Roy Lichtenstein’s triple screen film installation Three Landscapes is a mesmerising hybrid of film, painting, billboard, comic strip and kinetic spectacle. It is shown here for the first time in Europe in conjunction with Tate Modern’s Lichtenstein: A Retrospective.
Lichtenstein’s only venture into filmmaking premiered at the Los Angeles County Museum of Art in 1971 as part of the groundbreaking Art and Technology program. The project placed international artists – including Claes Oldenburg, Robert Rauschenberg, Andy Warhol and others – in residence with leading California-based industries, and exhibited the results of their collaborations.

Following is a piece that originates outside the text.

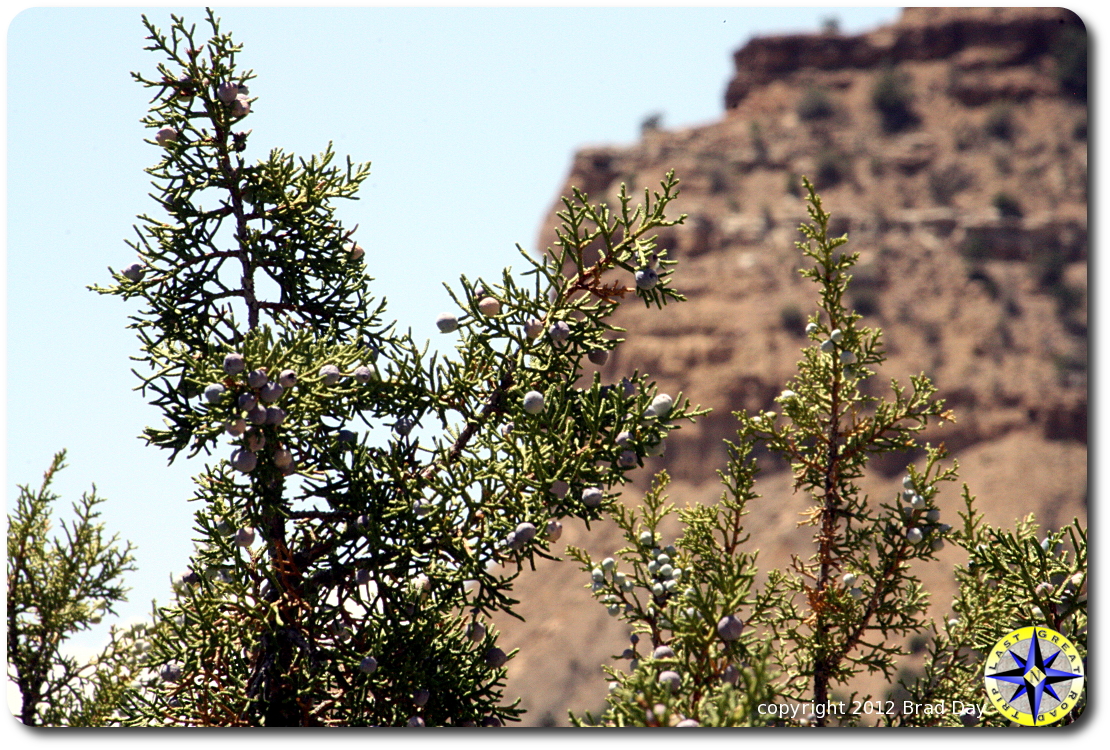 juniper bush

Lichtenstein spent two weeks at Universal Studios in February 1969, and decided to make film loops of sky and water, projected on several screens in the gallery. The films relate directly to a group of kinetic landscape collages that he made in the mid-1960s, which used Rowlux – a prismatic plastic – to suggest moving water and light.
Lichtenstein filmed on Long Island, New York working with independent filmmaker Joel Freedman. The resulting five-minute film loops juxtapose footage of the sea and a tropical fish tank with a static Benday-dot pattern and still images of a blue sky, clouds, and a seagull. The still and moving images are divided by a thick black line that echoes the comic-strip images of his paintings. This black horizon line, which rocks back and forth, combines with the endless repetition of Lichtenstein’s ‘moving pictures’ to produces a contradictory viewing experience, emphasising the flatness of the picture plane while engaging the spectator in an ambient cinematic spectacle.
Three Landscapes was restored recently by the Whitney Museum of American Art, New York in its original 35 mm format and has been transferred to 16 mm for this presentation at Tate Modern.
Roy Lichtenstein (1923–1997) was born and worked in New York City.